Here is the high-level approach I took:

  1. User initiates key rotation using serf rotate-key 8M1Sbtz6ElPdDHfDbzbNJg==
  2. Serf sends an internal_query to all members with the new key contained in the payload.
  3. Each member receives the query and stores the new key in serf.config.NewSecretKey, then sends an ack.
  4. Serf counts received acks vs. number of total members in the cluster. If any node fails to ack receiving the new key, then key rotation is aborted.
  5. Serf broadcasts a rotate-key event to all members, indicating that they should now swap keys.
  6. Each member receives rotate-key, and starts a new goroutine (see 7)
  7. [in background] Sleep for duration of serf.config.BroadcastTimeout so that Serf has a chance to rebroadcast successfully before the key is swapped. Once the sleep has expired, the serf.config.MemberlistConfig.SecretKey gets swapped out.
  8. Agent receives a rotate-key event containing the base64-encoded key as the payload, allowing the user to handle patching a config file.

Any and all thoughts/suggestions welcome!

ryanuber added 23 commits March 25, 2014 19:00
…ork in the serf layer to handle the actual rotation.
… This allows one to update the encryption key in the serf config using an event handler.
@armon
Copy link
Member

armon commented Mar 29, 2014

@ryanuber Thanks for opening a PR so we can discuss this. I've thought about this problem for a while, and I think that we do need to change Memberlist to support this in a safe way. Basically, I think the system needs to support multiple keys being used to enable a smooth transition. Otherwise, as you said, there are messages that will be lost, or nodes that will be dropped from the cluster.

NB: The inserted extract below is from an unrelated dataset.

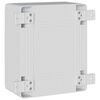 vidaXL Armoire de contr&ocirc;le Gris 47 x 20 x 60 cm Plastic ABS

I think the interface we need is something like install-key, use-key, remove-key, available-keys. This way the work flow works is that an operator uses install-key to add a new encryption key to the cluster (this would be a query internally). Once a key is installed, any message that uses that key can be decrypted. Then available-keys is a query that requests which keys a node knows about. This is used by an operator to check that all nodes have a key for example. The use-key query then causes nodes to switch the encryption key they are using. Because the old keys is still available, while the transition is happening messages continue to decrypt properly. Once all nodes have switched to the new key, remove-key is used to delete that key. That prevents any messages using that key from being used.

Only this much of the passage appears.